The accurate diagnosis of the presence or absence of PCa using a noninvasive technique instead of an invasive prostate biopsy is extremely essential. However, for this to be realized, accurate imaging modalities exhibiting high sensitivity and specificity must take precedence. Even in the current mpMRI era, prostate biopsies are still needed due to the relatively low PPV of mpMRI., In the current study, we found that F-18-Fluorocholine PET/CT had a relatively higher specificity than mpMRI (Table 2, Table 3) and a very high AUC value of over 0.8 in both imaging modalities. This may suggest a role for F-18-Fluorocholine PET/CT in either the initial diagnosis or subsequent surveillance for PCa. In addition, it may be used in patients who are candidates for focal therapy to detect or exclude the multifocality of clinically significant PCa.

The diagnostic accuracy of F-18-Fluorocholine PET/CT requires complementation with accurate PET scanning, the expertise of a nuclear medicine physician as a reader, and the development of an objective quantitative device that enables appropriate clinical judgment. In a previous study evaluating the ability of PSMA-PET to detect intraprostatic PCa, Matthijs et al reported that a semi-quantitative mSUV value of 3.95 per hemigland on PSMA-PET had a sensitivity of 94% in detecting ISUP grade ≥2 PCa. In the current study, we found that a quantitative mSUV value of 2.47 had over 90% sensitivity, and a value of 3.05 had over 80% sensitivity in detecting ISUP grade ≥2 PCa (Table 3). Thus, these values could be objective quantitative measurement values. However, future large-scale studies are needed to verify the findings.

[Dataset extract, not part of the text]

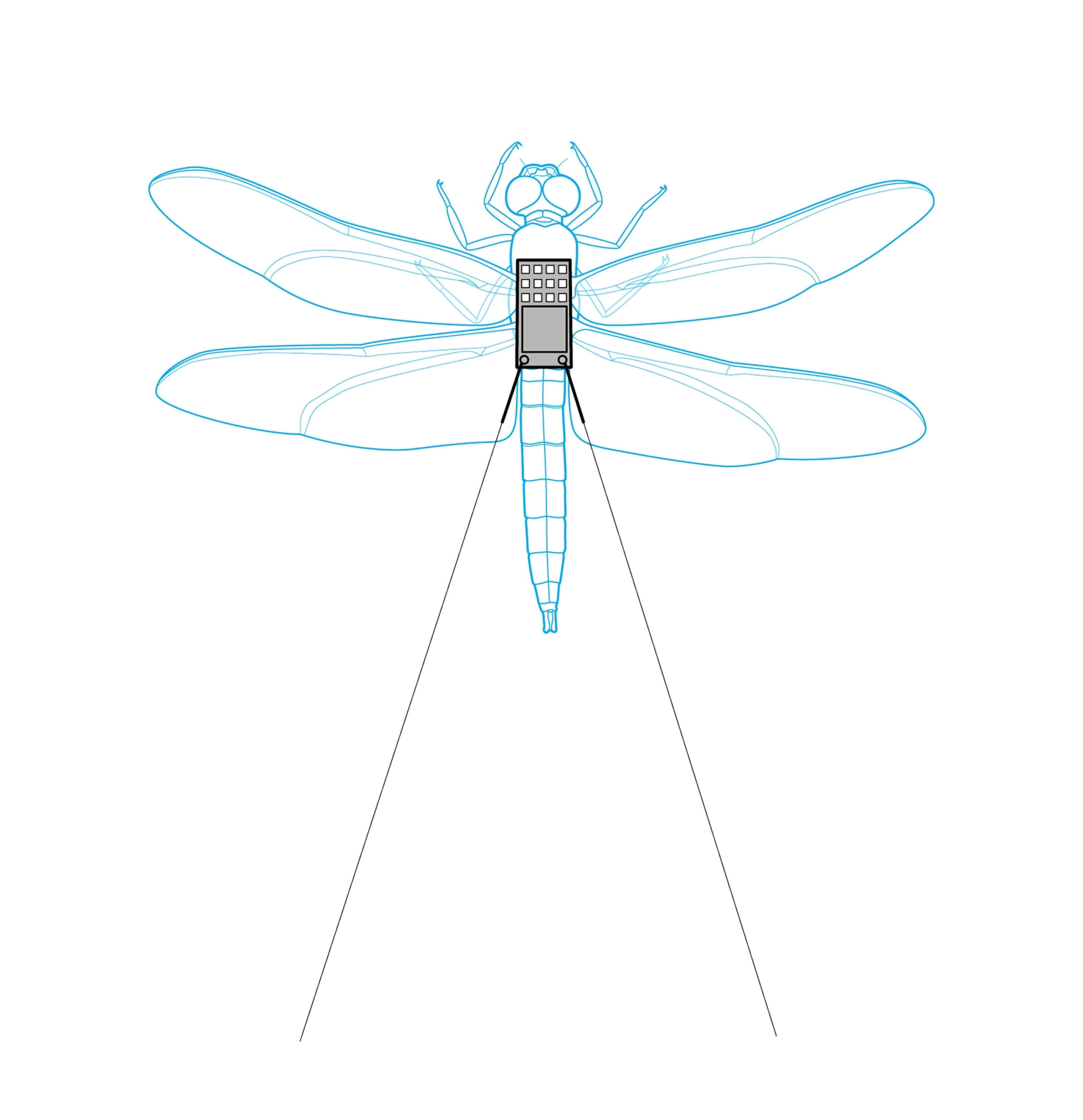An artist's rendering of a Leonardo Labs' dragonfly showing the electronic backpack that helps scientists study the way it flies.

The present study had several limitations. First, we performed a (sextant) segment-based analysis, not a lesion-based. However, given the potential bias, the innate nature of multifocality in PCa should be regarded. Thus, we believe that this approach would be more useful in assessing the ability of mpMRI and F-18-Fluorocholine PET/CT to detect segments containing clinically significant PCa compared to the diagnostic accuracy of lesion-based analysis on face value. Second, even in a study of a large tertiary institution with a prospective database, the small number of patients was a crucial drawback. Subsequently, selection bias was introduced with all patients having biopsy-confirmed clinically significant PCa (ISUP grade ≥2, Table 1). In addition, only a small number of patients with positive LNs on imaging were obtained, so an additional analysis of LN metastasis could not be performed (Supplemental Figure 2). Therefore, further evaluation in a larger and prospective cohort would be helpful to validate these preliminary findings.

Conclusions

mpMRI had results superior to F-18-Fluorocholine PET/CT in assessing intraprostatic tumor localization. However, F-18-Fluorocholine PET/CT showed superiority in terms of specificity. Thus, both modalities in conjunction would be useful for better treatment planning.

Conflicts of interest

All authors have no conflicts of interest to disclose.